Baoore Dataset 1 (French-Mooré)

Dataset Description

Repository: mooredataset/baoore-dataset-1
Languages: French (fra) - Mooré (mos)
Total sentences: 233,945

This dataset is a comprehensive parallel corpus for Machine Translation between French and Mooré. It is aggregated from multiple sources including dictionary entries, specific curated translations, generic translated data, and synthetic/filtered datasets. The dataset has been systematically curated and deduplicated for fine-tuning modern machine translation models such as NLLB.

Dataset Structure

The data is provided in JSONL format. Each line contains a JSON object representing a translation pair and its metadata.

Data Instances

A typical example from the dataset looks like this:

{
  "translation": {
    "fra": "Il mange une pomme.",
    "mos": "A rita pomme.",
    "origin": "traduction"
  }
}

Data Fields

translation: A dictionary containing:
- fra: The French sentence (string).
- mos: The Mooré translation (string).
- origin: The source origin of the data (string). Possible values:
  - laion-coco-nllb: Generic data from LAION-COCO-NLLB.
  - jw: Biblical data from JW.
  - french_moore: Human translation (D1).
  - traduction: Human translation (D2).
  - jw: Biblical data from JW.
  - mafand: Data from the MAFAND dataset.
  - wibonary: Data from the Webonary dictionary.

Corpus Statistics

The total corpus comprises 230,343 aligned sentence pairs (excluding SMOL data). The composition of the dataset by configuration (config_name) is detailed below.

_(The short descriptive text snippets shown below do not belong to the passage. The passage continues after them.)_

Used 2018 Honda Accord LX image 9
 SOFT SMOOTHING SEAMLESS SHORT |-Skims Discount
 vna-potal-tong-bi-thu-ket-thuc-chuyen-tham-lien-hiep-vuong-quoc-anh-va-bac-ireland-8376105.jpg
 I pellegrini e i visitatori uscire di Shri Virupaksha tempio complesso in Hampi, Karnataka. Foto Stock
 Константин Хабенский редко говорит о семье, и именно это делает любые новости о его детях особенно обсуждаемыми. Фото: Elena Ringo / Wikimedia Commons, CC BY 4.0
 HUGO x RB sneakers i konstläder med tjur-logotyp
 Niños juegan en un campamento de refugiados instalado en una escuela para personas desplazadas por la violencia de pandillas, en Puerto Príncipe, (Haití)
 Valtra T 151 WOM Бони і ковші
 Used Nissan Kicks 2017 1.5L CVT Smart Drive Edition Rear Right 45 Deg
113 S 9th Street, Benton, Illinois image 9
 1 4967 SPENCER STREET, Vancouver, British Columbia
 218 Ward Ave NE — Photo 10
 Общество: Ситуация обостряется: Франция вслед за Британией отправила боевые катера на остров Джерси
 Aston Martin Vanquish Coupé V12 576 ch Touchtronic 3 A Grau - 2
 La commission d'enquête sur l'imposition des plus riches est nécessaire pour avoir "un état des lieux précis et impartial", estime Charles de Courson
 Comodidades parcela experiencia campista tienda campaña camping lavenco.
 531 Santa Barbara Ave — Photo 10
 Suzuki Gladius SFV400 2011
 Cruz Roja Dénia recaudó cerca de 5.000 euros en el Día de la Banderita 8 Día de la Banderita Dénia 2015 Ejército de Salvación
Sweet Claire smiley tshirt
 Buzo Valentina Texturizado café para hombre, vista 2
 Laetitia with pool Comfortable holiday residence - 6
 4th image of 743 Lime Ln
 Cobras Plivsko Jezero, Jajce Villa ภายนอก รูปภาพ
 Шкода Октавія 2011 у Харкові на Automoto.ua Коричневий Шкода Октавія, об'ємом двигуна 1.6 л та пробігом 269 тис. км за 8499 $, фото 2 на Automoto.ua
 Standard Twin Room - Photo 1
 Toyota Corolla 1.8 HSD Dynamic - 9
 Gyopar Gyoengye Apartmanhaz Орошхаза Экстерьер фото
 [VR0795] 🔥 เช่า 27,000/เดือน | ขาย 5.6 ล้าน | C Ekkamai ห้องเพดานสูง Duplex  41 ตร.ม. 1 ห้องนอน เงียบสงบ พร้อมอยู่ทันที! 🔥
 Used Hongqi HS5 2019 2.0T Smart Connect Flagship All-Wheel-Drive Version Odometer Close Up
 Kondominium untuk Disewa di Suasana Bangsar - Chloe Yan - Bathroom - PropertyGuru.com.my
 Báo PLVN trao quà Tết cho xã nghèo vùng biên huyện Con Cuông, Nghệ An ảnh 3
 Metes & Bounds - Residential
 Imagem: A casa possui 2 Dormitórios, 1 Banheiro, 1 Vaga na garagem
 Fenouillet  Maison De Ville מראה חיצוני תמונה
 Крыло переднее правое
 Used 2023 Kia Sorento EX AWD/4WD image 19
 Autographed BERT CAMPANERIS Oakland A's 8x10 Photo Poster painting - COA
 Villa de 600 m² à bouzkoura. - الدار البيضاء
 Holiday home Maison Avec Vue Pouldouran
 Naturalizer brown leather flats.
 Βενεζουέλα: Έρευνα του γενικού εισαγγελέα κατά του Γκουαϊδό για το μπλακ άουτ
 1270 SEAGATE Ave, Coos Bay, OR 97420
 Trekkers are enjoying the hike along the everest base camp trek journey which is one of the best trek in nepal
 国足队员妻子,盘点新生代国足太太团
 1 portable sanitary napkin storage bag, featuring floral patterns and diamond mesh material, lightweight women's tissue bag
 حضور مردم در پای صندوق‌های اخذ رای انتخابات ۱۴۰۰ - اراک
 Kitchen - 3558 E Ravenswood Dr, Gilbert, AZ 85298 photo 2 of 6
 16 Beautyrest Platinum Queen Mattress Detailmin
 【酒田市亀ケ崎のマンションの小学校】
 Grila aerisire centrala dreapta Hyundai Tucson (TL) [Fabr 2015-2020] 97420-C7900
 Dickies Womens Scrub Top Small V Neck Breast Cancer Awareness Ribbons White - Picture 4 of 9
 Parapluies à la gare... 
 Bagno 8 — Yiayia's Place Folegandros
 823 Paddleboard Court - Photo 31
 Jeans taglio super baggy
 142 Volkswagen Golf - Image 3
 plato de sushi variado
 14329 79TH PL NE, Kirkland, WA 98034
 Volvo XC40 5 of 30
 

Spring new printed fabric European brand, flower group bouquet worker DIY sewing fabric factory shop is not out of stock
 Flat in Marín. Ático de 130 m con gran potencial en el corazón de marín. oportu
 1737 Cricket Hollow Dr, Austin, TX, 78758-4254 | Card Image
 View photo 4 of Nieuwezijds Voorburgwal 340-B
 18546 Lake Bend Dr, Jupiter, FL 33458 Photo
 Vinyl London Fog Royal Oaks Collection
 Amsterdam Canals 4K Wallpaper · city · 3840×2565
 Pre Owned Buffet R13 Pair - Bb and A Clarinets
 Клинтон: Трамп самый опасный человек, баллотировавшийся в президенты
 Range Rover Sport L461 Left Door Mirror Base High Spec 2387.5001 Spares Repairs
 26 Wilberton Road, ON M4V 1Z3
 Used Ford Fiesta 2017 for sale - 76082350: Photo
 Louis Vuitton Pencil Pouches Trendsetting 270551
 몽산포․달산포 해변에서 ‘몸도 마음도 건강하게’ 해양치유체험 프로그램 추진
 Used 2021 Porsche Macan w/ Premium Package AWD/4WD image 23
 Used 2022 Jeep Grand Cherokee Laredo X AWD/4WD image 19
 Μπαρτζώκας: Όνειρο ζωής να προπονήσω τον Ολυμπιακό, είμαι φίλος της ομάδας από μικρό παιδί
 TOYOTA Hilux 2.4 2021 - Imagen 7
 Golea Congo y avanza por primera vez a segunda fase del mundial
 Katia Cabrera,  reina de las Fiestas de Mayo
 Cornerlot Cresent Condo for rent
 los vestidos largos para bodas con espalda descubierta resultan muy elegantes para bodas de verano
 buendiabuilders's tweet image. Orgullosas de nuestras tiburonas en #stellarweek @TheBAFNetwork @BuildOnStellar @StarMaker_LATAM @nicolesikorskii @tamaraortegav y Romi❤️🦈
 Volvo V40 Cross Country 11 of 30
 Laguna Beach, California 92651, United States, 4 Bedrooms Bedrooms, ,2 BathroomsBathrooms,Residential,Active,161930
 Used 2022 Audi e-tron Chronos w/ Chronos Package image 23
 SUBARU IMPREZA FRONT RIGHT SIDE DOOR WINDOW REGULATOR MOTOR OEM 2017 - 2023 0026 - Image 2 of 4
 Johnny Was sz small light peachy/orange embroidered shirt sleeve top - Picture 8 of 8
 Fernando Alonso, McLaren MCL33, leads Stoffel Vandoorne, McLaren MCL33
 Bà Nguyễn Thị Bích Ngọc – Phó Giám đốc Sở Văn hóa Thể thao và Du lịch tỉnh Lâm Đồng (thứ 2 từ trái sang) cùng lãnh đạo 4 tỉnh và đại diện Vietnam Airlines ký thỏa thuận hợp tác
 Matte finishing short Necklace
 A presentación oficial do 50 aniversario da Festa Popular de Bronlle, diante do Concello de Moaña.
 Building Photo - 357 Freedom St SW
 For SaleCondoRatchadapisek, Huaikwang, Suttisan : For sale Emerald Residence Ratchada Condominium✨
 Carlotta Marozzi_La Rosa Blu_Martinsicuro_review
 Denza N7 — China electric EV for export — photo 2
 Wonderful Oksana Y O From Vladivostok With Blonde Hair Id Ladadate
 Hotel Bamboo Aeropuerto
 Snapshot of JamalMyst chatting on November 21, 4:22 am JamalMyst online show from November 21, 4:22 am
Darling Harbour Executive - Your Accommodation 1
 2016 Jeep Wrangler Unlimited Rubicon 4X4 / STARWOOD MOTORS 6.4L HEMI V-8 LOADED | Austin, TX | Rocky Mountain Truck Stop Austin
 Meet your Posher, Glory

The statistics for the combined subsets are aggregated from their respective base subsets.

Configuration	Sentences	(%)	Words (FR)	Words (MOS)	Ratio (MOS/FR)
`all-data`	230,343	100.0%	2,379,468	2,548,167	1.07
`generique` (gen)	116,431	50.5%	1,116,198	1,137,263	1.02
`traduction` (trad)	78,025	32.3%	351,579	425,030	1.21
`existing` (old)	39,489	17.1%	911,691	985,874	1.08
`trad-generique`	190,854	82.9%	1,467,777	1,562,293	1.06
`trad-existing`	113,912	49.5%	1,263,270	1,410,904	1.12

Note: 'existing' data groups the previously available datasets (MAFAND, Webonary, and Jehovah's Witnesses). 'trad-generique' is the combination of 'traduction' and 'generique'. 'trad-existing' is the combination of 'traduction' and 'existing'. Percentages reflect the proportion relative to 'all-data'.

Subsets

The repository is structured into different subdirectories containing various subsets of the data, each corresponding to a specific configuration:

all_data: Combinaison de toutes les données (config : all-data).
gen: Données génériques de laion-coco-nllb (config : generique).
trad: Données de traduction humaine (config : traduction).
old: Données qui étaient disponibles (MAFAND, Webonary, JW) (config : existing).
trad_gen: Combinaison de traduction et generique (config : trad-generique).
trad_old: Combinaison de traduction et existing (config : trad-existing).

Preprocessing & Filtering

Deduplication: The corpus has undergone exact deduplication across French and Mooré sentence pairs.
Filtering: Datasets (such as the LAION subset) have been filtered using an alignment confidence threshold (e.g., > 0.80) based on Sentence-Transformers (LaBSE).
Normalization: Basic character normalization is applied for the Mooré language to standardise orthography and maintain data quality.

Intended Use

This dataset is intended to be used for training and fine-tuning neural machine translation systems for the French-Mooré language pair, supporting the preservation and digitalization of the Mooré language.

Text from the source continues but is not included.